# Is Audi TT as easy to work on yourself as VWs ?



## anthony_g (Jan 9, 2001)

Hi. 'got two MKIV 1.8Ts. Over the years I've learned a lot on how to work on them myself (all from this forum, cant thank folks enough). Now I'm thinking of trading one in for a used Audi TT 1.8T. Are the parts for that car as reasonably priced and easy to find online as an MKIV (I know it's the same chassis, etc). Is the timing belt procedure any more difficult (as I'm sure i'll have to do that myself if I buy one used, I've done two TB jobs so far on MKIVs)?

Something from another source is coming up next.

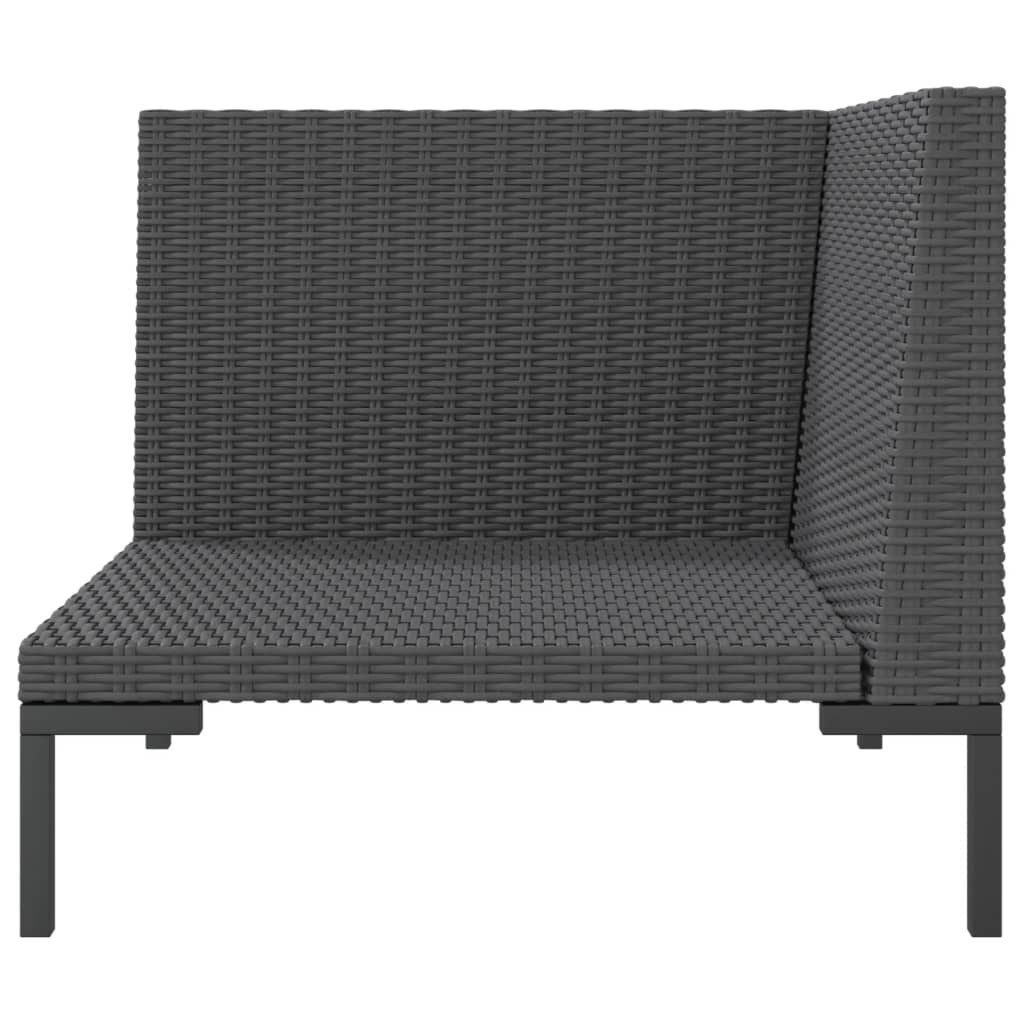 vidaXL Loungesofa Gartensofa mit Kissen Halbrundes Poly Rattan, 1 Teile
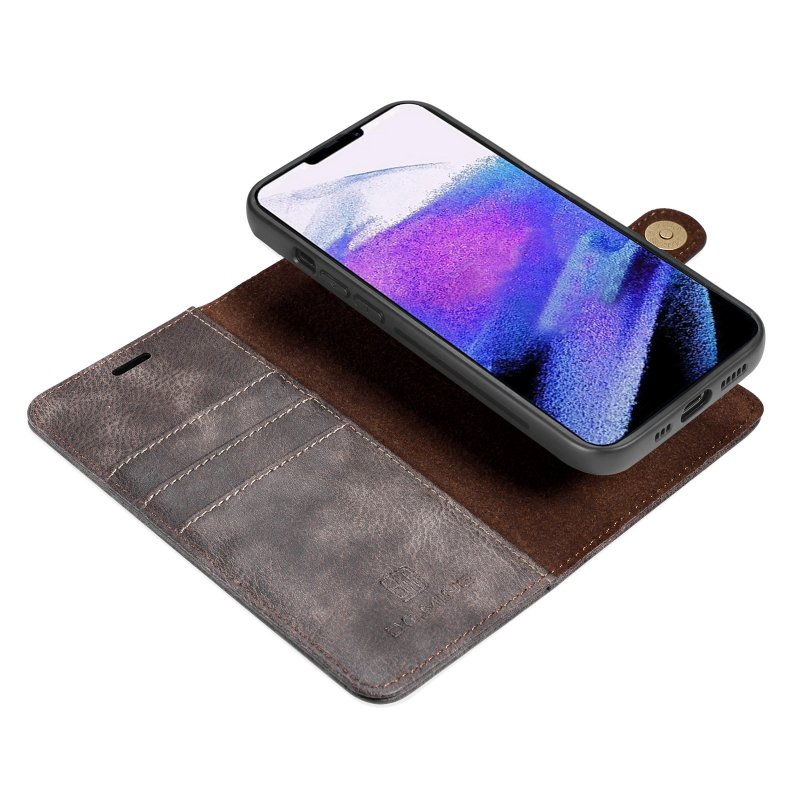 iPhone 13 Pro - Portefeuille étui coque détachable Brun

Anyone have any bad experiences with a TT 1.8T? ANything I should watch out for? Any help is appreciated.


----------



## l88m22vette (Mar 2, 2006)

*Re: Is Audi TT as easy to work on yourself as VWs ? (anthony_g)*

fyi: the 1.8T/3.2 quattro use the R32's rear suspension


----------



## anthony_g (Jan 9, 2001)

*Re: Is Audi TT as easy to work on yourself as VWs ? (l88m22vette)*

I would actually prefer to get a FWD/non quattro TT. Would that use the same rear suspension as a VW MKIV?


----------



## 4o66 (Apr 27, 2007)

*Re: Is Audi TT as easy to work on yourself as VWs ? (anthony_g)*

I moved from a mk4 jetta 1.8t to the TT, not too big a jump. There is less room to get to the engine, and some parts are almost impossible to get to without moving other parts out of the way.
JUST DO IT! http://****************.com/smile/emthup.gif


----------



## 1.8Tabamoura (Jul 29, 2005)

*Re: Is Audi TT as easy to work on yourself as VWs ? (anthony_g)*

I can say about the timing belt not being that hard, I'm in electronics and got it done with a write up and help from a friend... ( you really need a friend )


----------



## Phrost (Mar 8, 2004)

*Re: Is Audi TT as easy to work on yourself as VWs ? (1.8Tabamoura)*

IMO it's about the same. Only thing that ticked me off was the rear sway bar is above the exhaust so you have to drop that, and the front bumper is a beotch to remove. But to end on a positive note, the interior is about the same to remove stuff and the TT taillights come out 100x faster and you don't lose any nuts down the side of your car


----------



## l88m22vette (Mar 2, 2006)

*Re: Is Audi TT as easy to work on yourself as VWs ? (anthony_g)*

Its the same suspension, which means its something like 5" narrower (?) and is not multi-link, and you also have to realize that the 225TT (quattro) uses a K04 turbo, not a k03, has forged internals, has piston oil squirters, a stronger tranny, and a few other things that are better than the FWD counterpart, which is just a Golf in nicer clothing. Hope that helps


----------



## cincyTT (May 11, 2006)

*Re: Is Audi TT as easy to work on yourself as VWs ? (l88m22vette)*

all 1.8t's have forged internals. If they didnt, they would blow when you got chipped if not before.
The 2000 ATC and the 225's both have the same internals. Its just that in 2001 vw put in weaker 19mm wirst pin rods in the engines and keeped the 20mm wristpin rods for the 225.


----------



## l88m22vette (Mar 2, 2006)

*Re: Is Audi TT as easy to work on yourself as VWs ? (cincyTT)*

oic...thanks cincy


----------



## TTurboNegro (Mar 9, 2007)

*Re: Is Audi TT as easy to work on yourself as VWs ? (l88m22vette)*

for the most part......but thier is a few tricky/more complicated things on the TT that differ from the VW


----------



## anthony_g (Jan 9, 2001)

*Re: Is Audi TT as easy to work on yourself as VWs ? (TTurboNegro)*

Thx folks, makes sense.


----------